Monday, September 17, 2007

Docta Shep

I had made an appointment with my doc to talk to her about some foot pain I'd been experiencing with my left foot. Aching bunion, bla bla bla. So of course I took this opportunity to tell her that I was pregnant. She was more than happy to hear it. She tells me that I'm at about 5 weeks in.
The reason I started seeing Dr. Shepherd was because I had gone through two misscarrages (one in March 03 and one Oct. 04) and I wanted a family doctor. I was tired of the walk-in clinics and nobody really caring. I saw a few before I decided that Docta Shep was the one. Her office isn't in the greatest part of town and it houses an HIV & Mental Health Clinic which can make for some scary waiting time. But there was something about her that was very genuine. She looks at you when you talk, you can see her processing the information and she has a great sense of humour. Meaning, she gets mine. Knowing my pregnancy track record, the Doc schedules me for an ultrasound at 7 weeks. Can't freakin wait!

Saturday, September 15, 2007

Telling Ma

We're celebrating my mom's 67th b-day today. Sista has graciously offered to throw a bbq in her honour. Before heading out there I decide that another pee-on-a-stick test is in order. All of a sudden my breasts aren't as tender as they were yesterday. something must be wrong. I can't tell mom that we're expecting when maybe we're not expecting anymore. yes, i make a lot of sense. i am completely rational. ya right. in seconds the stick tells me - postitive. was there any doubt?
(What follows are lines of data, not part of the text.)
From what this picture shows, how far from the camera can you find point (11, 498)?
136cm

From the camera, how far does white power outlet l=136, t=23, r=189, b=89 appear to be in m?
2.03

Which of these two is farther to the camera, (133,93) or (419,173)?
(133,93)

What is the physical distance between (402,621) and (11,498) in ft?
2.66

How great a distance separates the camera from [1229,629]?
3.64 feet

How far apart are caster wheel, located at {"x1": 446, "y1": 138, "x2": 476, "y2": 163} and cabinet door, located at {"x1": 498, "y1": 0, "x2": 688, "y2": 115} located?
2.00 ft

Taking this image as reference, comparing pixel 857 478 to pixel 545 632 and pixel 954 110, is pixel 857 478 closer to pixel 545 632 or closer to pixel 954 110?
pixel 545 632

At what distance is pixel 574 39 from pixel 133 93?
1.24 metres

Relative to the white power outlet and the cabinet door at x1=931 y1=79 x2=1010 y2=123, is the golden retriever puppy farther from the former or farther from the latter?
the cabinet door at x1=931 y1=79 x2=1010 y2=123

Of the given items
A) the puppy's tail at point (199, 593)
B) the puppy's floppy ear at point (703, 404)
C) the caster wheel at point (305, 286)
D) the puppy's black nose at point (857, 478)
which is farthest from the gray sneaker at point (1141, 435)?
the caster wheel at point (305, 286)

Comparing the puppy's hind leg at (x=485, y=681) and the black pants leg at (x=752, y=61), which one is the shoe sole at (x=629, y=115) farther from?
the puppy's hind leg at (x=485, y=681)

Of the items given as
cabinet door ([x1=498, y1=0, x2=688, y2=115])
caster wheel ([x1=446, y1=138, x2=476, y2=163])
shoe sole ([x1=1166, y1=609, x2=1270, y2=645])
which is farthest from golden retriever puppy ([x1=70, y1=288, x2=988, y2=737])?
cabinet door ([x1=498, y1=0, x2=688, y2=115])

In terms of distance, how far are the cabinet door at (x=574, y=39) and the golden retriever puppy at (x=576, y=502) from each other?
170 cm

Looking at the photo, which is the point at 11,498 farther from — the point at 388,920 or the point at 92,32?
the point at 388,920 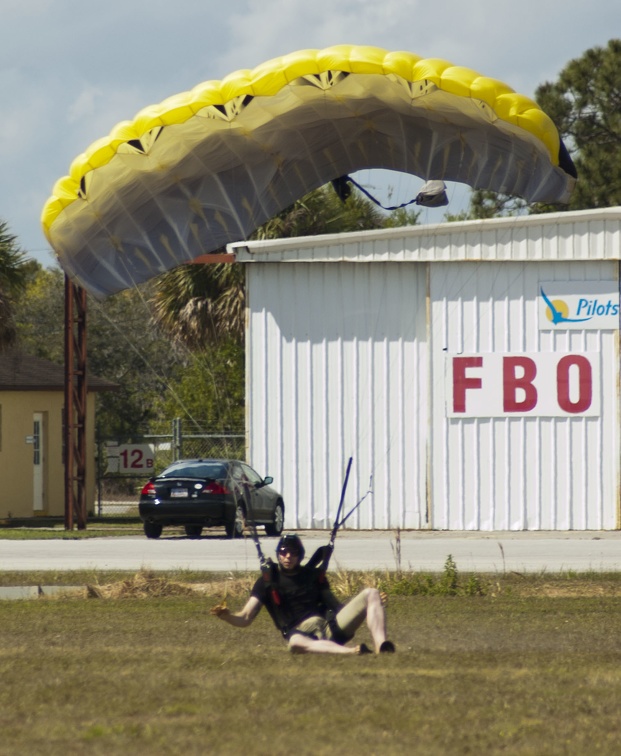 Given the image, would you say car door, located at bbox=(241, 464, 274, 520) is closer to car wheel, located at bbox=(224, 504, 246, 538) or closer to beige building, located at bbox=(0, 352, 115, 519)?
car wheel, located at bbox=(224, 504, 246, 538)

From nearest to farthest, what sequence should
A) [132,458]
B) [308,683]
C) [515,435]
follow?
[308,683], [515,435], [132,458]

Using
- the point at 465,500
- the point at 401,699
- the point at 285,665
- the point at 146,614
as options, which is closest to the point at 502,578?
the point at 146,614

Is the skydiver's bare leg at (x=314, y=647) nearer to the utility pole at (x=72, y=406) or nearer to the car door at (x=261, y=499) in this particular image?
the car door at (x=261, y=499)

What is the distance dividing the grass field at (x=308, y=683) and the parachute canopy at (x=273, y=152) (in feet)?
12.5

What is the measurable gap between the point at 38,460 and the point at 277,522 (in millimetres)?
12000

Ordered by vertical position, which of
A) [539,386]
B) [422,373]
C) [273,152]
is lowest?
[539,386]

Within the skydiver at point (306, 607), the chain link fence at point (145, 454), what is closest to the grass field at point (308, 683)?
the skydiver at point (306, 607)

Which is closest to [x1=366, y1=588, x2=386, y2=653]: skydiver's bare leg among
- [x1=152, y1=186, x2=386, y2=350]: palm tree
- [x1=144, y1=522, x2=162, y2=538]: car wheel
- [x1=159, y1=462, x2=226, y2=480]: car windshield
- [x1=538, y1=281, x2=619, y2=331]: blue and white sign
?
[x1=159, y1=462, x2=226, y2=480]: car windshield

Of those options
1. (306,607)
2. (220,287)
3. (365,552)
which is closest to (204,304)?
(220,287)

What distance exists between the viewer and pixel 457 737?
6.80 m

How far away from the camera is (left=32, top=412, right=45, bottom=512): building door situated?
119 ft

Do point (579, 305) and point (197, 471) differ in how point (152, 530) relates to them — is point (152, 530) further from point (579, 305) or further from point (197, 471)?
point (579, 305)

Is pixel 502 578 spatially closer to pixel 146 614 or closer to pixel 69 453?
pixel 146 614

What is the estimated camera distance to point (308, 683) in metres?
8.42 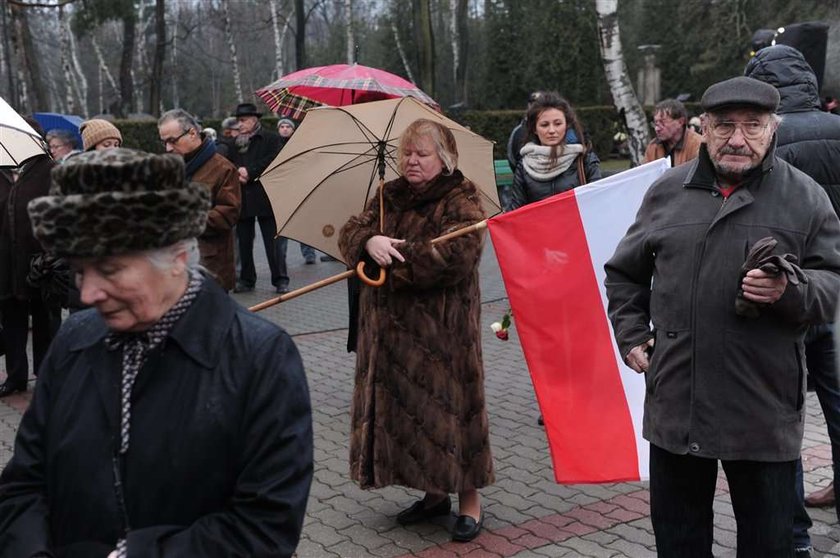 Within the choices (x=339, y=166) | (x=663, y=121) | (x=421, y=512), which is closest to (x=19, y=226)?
(x=339, y=166)

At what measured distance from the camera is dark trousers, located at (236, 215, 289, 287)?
38.8 ft

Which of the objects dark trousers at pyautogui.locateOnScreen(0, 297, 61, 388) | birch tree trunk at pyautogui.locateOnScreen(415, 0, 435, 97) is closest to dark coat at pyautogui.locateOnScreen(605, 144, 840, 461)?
dark trousers at pyautogui.locateOnScreen(0, 297, 61, 388)

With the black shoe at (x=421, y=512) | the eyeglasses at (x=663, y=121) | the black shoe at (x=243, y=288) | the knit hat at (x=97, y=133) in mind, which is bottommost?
the black shoe at (x=243, y=288)

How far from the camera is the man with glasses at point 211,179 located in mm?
6918

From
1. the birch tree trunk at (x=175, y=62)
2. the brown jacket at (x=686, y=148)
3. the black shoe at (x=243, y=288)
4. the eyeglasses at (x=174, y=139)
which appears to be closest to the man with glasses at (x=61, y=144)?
the eyeglasses at (x=174, y=139)

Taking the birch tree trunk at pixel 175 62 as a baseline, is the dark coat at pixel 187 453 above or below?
below

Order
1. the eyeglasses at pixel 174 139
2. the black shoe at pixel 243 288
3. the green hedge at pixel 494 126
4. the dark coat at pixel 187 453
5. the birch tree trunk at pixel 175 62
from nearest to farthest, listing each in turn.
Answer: the dark coat at pixel 187 453 → the eyeglasses at pixel 174 139 → the black shoe at pixel 243 288 → the green hedge at pixel 494 126 → the birch tree trunk at pixel 175 62

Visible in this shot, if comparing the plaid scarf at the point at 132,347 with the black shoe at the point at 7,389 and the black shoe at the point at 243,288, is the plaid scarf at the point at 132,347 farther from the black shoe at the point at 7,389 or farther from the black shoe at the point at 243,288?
the black shoe at the point at 243,288

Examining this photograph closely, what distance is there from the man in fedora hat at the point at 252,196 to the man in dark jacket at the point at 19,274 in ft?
14.0

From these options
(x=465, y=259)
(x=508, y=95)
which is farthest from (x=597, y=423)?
(x=508, y=95)

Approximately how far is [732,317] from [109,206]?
6.44ft

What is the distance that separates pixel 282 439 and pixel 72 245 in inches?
22.4

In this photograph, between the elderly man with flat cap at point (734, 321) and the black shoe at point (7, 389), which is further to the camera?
the black shoe at point (7, 389)

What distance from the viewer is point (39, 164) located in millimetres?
7055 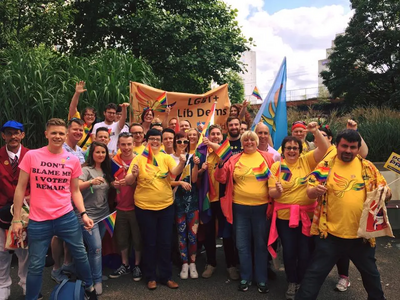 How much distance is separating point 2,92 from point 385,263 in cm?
677

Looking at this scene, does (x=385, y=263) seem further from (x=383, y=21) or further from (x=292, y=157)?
(x=383, y=21)

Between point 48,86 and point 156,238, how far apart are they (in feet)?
13.8

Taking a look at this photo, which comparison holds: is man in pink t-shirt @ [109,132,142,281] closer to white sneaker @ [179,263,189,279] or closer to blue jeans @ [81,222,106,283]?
blue jeans @ [81,222,106,283]

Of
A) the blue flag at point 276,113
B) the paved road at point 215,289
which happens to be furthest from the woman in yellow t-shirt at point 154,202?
the blue flag at point 276,113

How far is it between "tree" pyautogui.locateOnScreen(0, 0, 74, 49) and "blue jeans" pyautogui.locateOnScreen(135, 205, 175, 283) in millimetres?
6747

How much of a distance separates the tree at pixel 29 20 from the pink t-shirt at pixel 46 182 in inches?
252

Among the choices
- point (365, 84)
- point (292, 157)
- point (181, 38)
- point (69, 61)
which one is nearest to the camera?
point (292, 157)

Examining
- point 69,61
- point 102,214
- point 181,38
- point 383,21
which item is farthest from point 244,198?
point 383,21

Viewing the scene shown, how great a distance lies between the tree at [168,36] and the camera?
38.3 ft

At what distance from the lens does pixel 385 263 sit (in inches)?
181

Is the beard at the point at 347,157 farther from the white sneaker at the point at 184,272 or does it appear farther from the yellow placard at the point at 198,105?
the yellow placard at the point at 198,105

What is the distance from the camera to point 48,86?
6406 mm

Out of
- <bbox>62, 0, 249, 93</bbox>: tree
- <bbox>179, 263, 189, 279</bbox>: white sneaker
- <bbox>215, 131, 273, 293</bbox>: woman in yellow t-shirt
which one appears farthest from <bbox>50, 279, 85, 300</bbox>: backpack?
<bbox>62, 0, 249, 93</bbox>: tree

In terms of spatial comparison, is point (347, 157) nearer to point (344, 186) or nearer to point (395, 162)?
point (344, 186) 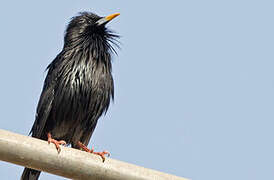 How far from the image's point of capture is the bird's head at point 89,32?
19.2 feet

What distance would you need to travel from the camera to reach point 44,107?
5426 millimetres

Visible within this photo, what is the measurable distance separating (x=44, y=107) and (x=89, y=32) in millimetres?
1198

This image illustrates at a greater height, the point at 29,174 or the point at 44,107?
the point at 44,107

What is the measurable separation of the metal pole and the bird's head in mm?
2693

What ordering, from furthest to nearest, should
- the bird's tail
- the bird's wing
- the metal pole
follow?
the bird's wing
the bird's tail
the metal pole

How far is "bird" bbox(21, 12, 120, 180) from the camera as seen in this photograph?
17.6 ft

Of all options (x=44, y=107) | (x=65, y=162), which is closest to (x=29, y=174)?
(x=44, y=107)

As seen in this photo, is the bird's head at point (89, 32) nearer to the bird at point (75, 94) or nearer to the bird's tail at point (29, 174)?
the bird at point (75, 94)

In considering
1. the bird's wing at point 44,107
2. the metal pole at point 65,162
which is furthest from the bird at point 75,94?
the metal pole at point 65,162

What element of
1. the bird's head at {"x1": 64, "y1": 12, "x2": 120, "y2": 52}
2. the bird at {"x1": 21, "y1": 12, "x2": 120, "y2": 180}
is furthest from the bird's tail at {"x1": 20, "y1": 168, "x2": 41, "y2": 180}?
the bird's head at {"x1": 64, "y1": 12, "x2": 120, "y2": 52}

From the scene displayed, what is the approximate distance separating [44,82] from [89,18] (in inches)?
41.7

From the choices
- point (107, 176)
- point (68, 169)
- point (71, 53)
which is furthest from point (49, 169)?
point (71, 53)

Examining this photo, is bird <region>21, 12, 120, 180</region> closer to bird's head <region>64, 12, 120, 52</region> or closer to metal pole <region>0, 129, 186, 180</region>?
bird's head <region>64, 12, 120, 52</region>

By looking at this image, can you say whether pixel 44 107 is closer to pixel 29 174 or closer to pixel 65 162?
pixel 29 174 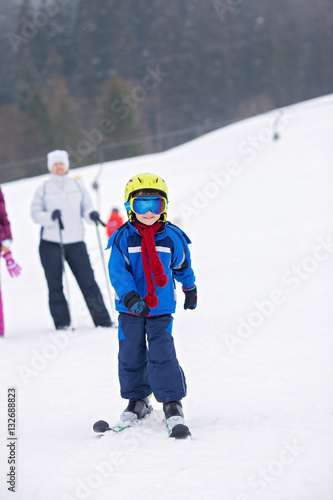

We head out to the west end. I am exhausted. I try to nap on the train. Before the bbq gets underway we get mom to open some presents. I've knit her a cozy vest. She loves it. I tell her that we have one more present for her and she gets all exited, like a little kid. Almost like she knows what's coming. We tell them, mom, abuela, the kids. My mom and gran start thanking God and hugging us and just freaking out in general. Kassidy can't believe it. She has a million 12-year old questions. And I have a lot of time to answer them all!